• _PROMPT_
Quote the lines of the data below verbatim, beginning at the line that contains "construction worker applies" and ending at the last line, both included, and excluding pictures.

+++ PROVIDED DATA

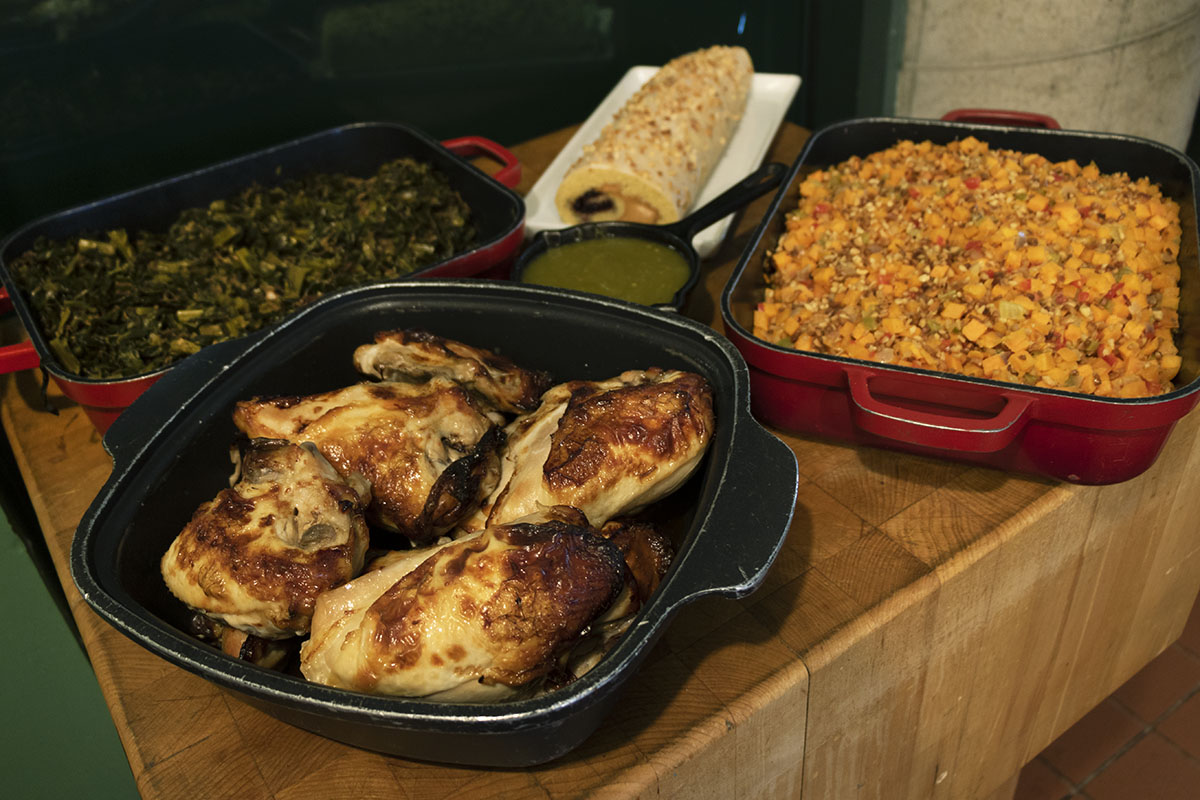 Dishes containing chicken, greens, mixed vegetables, a green sauce, and a rolled cake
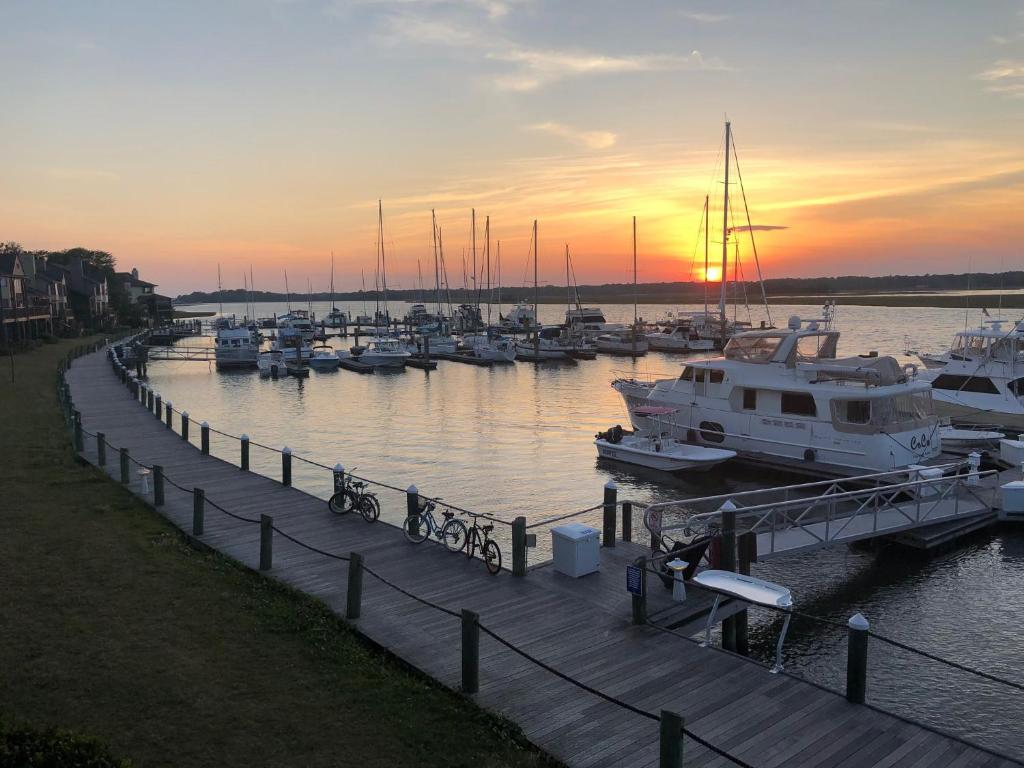 a group of boats docked at a marina at sunset at 1935 Bohicket Marina in Seabrook Island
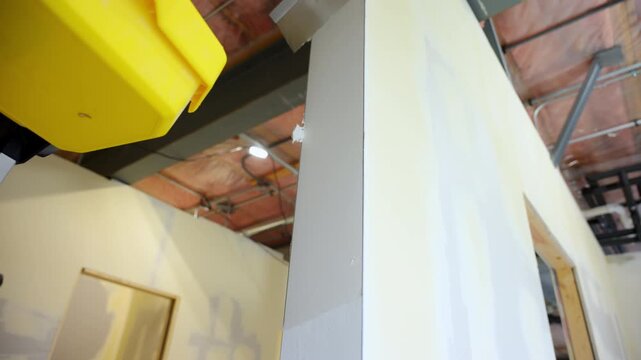 construction worker applies joint compound to drywall end using a metal spatulas. Worker smoothing seams and preparing the surface for finishing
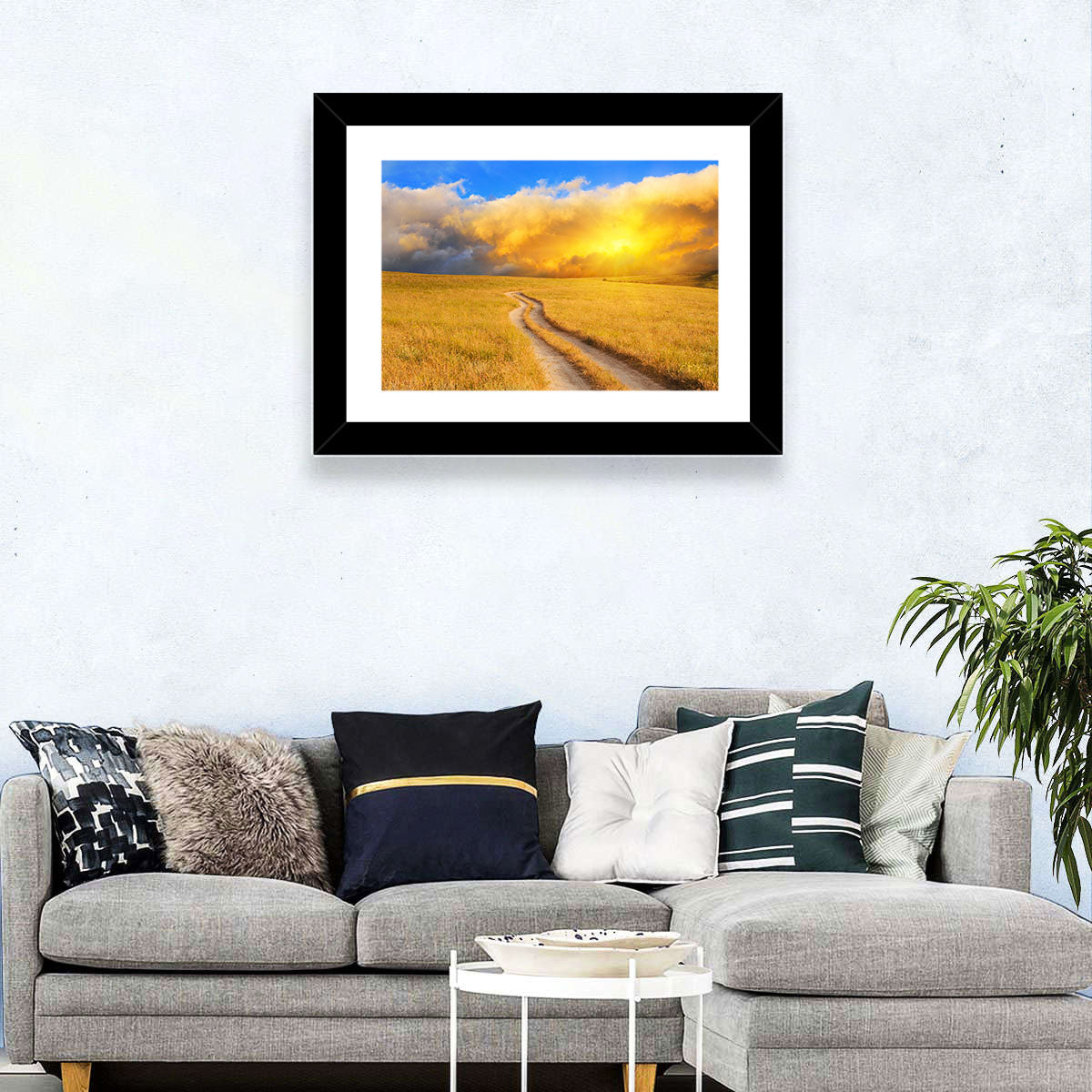 Sunlit Meadow Path with Dramatic Clouds Wall Art in a room, landscape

++++++

• _OUTPUT OF THE EXERCISE_
 construction worker applies joint compound to drywall end using a metal spatulas. Worker smoothing seams and preparing the surface for finishing
 Sunlit Meadow Path with Dramatic Clouds Wall Art in a room, landscape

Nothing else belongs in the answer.